Pero esto suscita enseguida una objeción: ¿qué justicia existe donde el justo muere en
lugar del culpable y el culpable recibe a cambio la bendición que corresponde al justo? ¿Cada
uno no recibe de este modo lo contrario de “lo suyo”? En realidad, aquí se manifiesta la
justicia divina, profundamente distinta de la humana. Dios ha pagado por nosotros en su Hijo
el precio del rescate, un precio verdaderamente exorbitante. Frente a la justicia de la Cruz, el
hombre no se puede rebelar, porque de manifiesto que el hombre no es un ser autárquico,
sino que necesita de Otro para ser plenamente él mismo. Convertirse a Cristo, creer en el
Evangelio, significa precisamente esto: salir de la ilusión de la autosuficiencia para descubrir y
aceptar la propia indigencia, indigencia de los demás y de Dios, exigencia de su perdón y de
su amistad.


Se entiende, entonces, como la fe no es un hecho natural, cómodo, obvio: hace falta la
humildad para aceptar tener necesidad del Otro que me libere de lo “mío”, para darme
gratuitamente lo “suyo”. Esto sucede especialmente en los sacramentos de la Penitencia y de
la Eucaristía. Gracias a la acción de Cristo, nosotros podemos entrar en la justicia “más
grande”, que es la del amor (Cf.
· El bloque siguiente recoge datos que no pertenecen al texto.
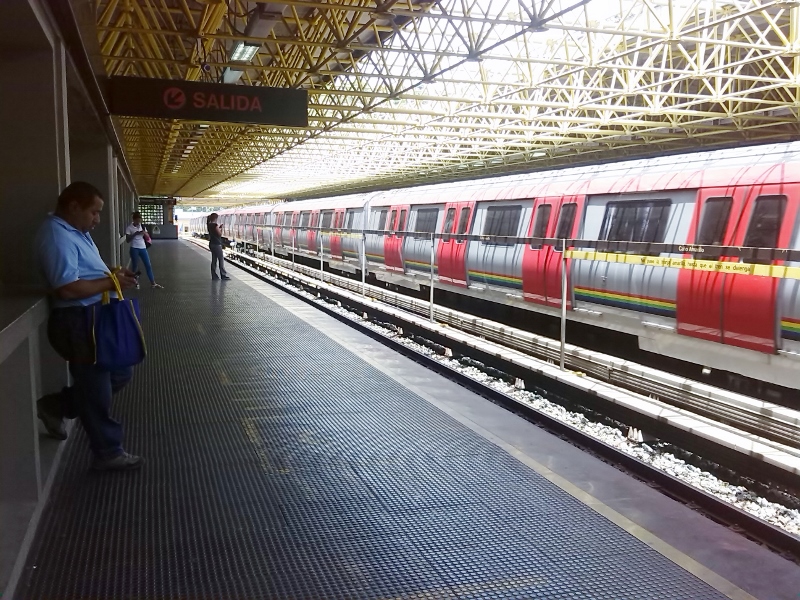 Usuarios del Metro de Carcas desalojaron a oscuras un tren accidentado en Caño Amarillo (Video)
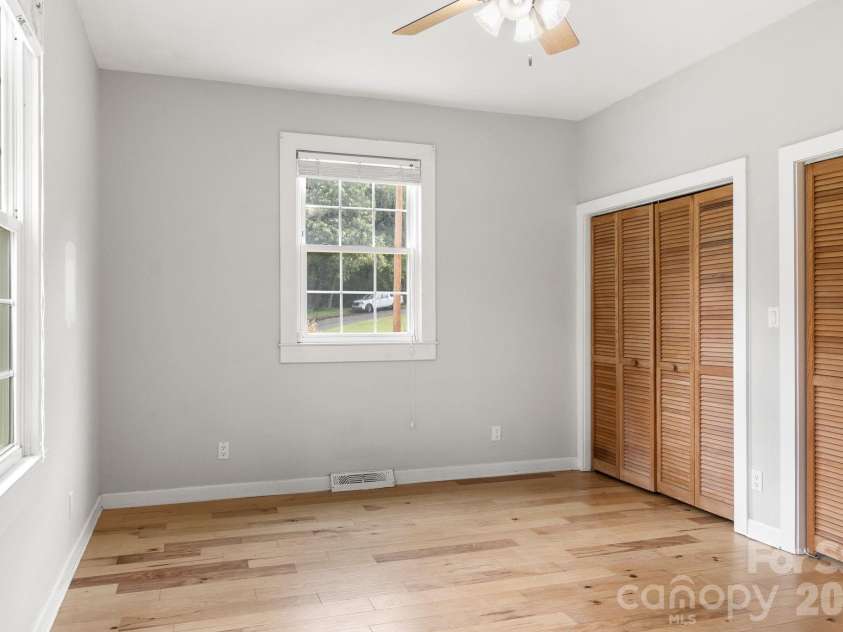 207 Edgemont Drive, Shelby, NC 28150.  MLS# CAR4402527, YatesRealty ID 36582.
Rm 13, 8-10), la justicia de quien en cualquier caso se siente
siempre más deudor que acreedor, porque ha recibido más de lo que podía esperar.
Precisamente por la fuerza de esta experiencia, el cristiano se ve impulsado a contribuir
a la formación de sociedades justas, donde todos reciban lo necesario para vivir según su
propia dignidad de hombres y donde la justicia sea vivificada por el amor.


Queridos hermanos y hermanas: la Cuaresma culmina en el Triduo Pascual, en el que
este año volveremos a celebrar la justicia divina, que es plenitud de caridad, de don y de
salvación. Qué este tiempo penitencial sea para todos los cristianos un tiempo de auténtica
conversión y de intenso conocimiento del misterio de Cristo, que vino para cumplir toda
justicia. Con estos sentimientos, os imparto a todos de corazón la bendición apostólica.